The trouble in this relationship starts right away when Jesse's son from a previous marriage, Hank (Seamus Davey-Fitzpatrick of “Moonrise Kingdom”) has to go back to the U.S. to live with his mother. Jesse feels guilty about not being a bigger part of his son's life. There is talk about going to live in America. Celine rebels at this idea. She wants to advance her career in Europe.
Since Jesse is a writer, the move to the states would be a lot easier for him than it would be for the rest of the family. This discussion doesn't get very far before Celine brings up the feminist issues of doing a lot of domestic work which is hampering her career. Eventually, the discussion gets down to infidelity. It gets pretty intense, in part, because their two daughters, Ella and Nina (Jennifer Prior and Charlotte Prior) are not with them. Their friends have arranged for the girls to be cared for while Jesse and Celine enjoy a fancy hotel room they have arranged for them.
All of this takes place in the Peloponnese region of Greece, but this film doesn't invoke a sense of place in the way the first two films of this series did. Jesse and Celine walk amid the ancient streets and enjoy outdoor dinner conversations with friends before they end up alone for their big argument, which actually began hours earlier in the car with the two girls asleep in the back. These discussions around the table are far ranging, delving into the nature of modern love, marriage and sex. There is a discussion of internet sex and virtual sex.
One of the more poignant conversations is about lost love. An elderly woman talks at the dinner table about how she is starting to forget her late husband. How he appears to her, almost as a ghost, at night but vanishes in the daylight. There are several couples around the table ranging from very young to middle age. They talk about the compromises of marriage and the differences between men and women.
This is a very talky film. It is constructed almost entirely from dialog, and the dialog is elegant and natural sounding most of the time. In a couple of places, however, the talk sounds a bit phony and out of place. The acting is excellent throughout. This film explores the complexities and complications of modern love and life in an international setting.
I could not help but feeling at the end, however, that Jesse and Celine are just going through the motions in this story. Both of them are rational people who had been together for years. These people know this argument they are having is pointless.
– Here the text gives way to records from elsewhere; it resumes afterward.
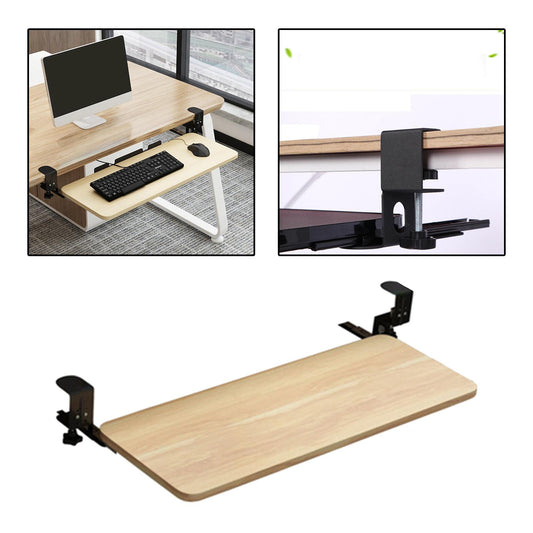 Large Keyboard Extension Tray Under Computer Table Pull Out Platform Ergonomic Bracket Mouse Pad Holder Clip for Typing Desktop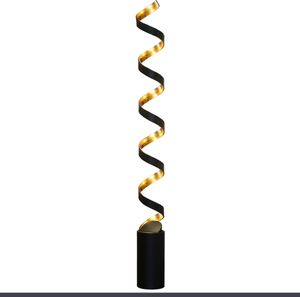 LED Stehleuchte Helix aus Metall in Schwarz/Gold,m. An-/Ausschalter am Kabel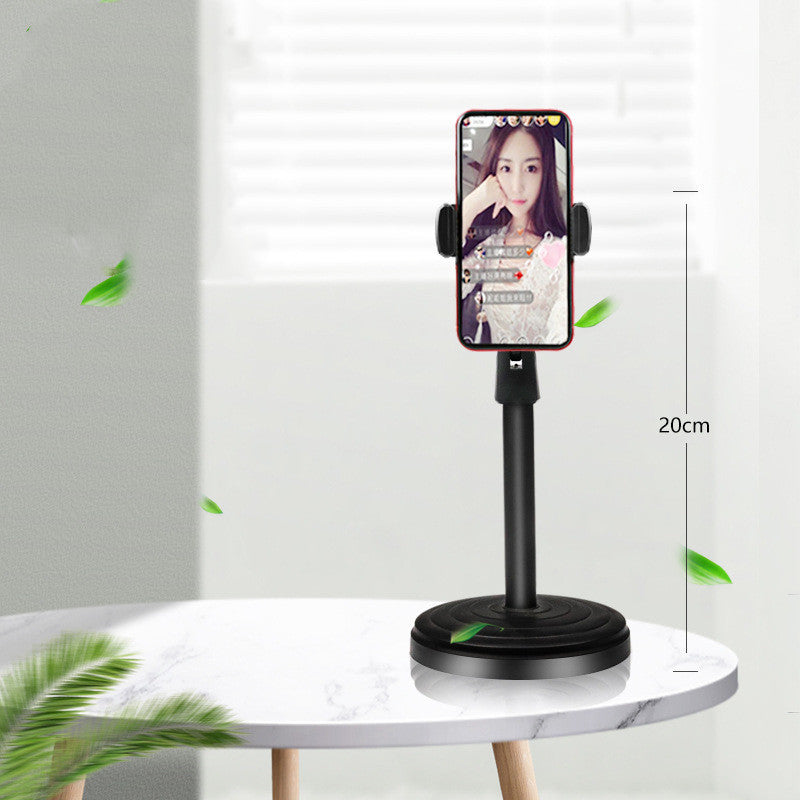 Live Streaming Phone Holder with Dimmable LED Ring Fill Light and 3 Phone Clips Hot Youtuber's Video Live Desk Liftable Stand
No matter what they decide, they will have to make sacrifices and there is no perfect solution to their problems, yet they tear each other apart anyway. This is an argument for the sake of having an argument.
There is a kind of resolution to this argument they are having, but it is rushed, inadequate and it comes in the last few minutes of the film. This sort of ending is fashionable these days, but it is also very thin and not as elegant as the conversations in the rest of the film. This film rates a B.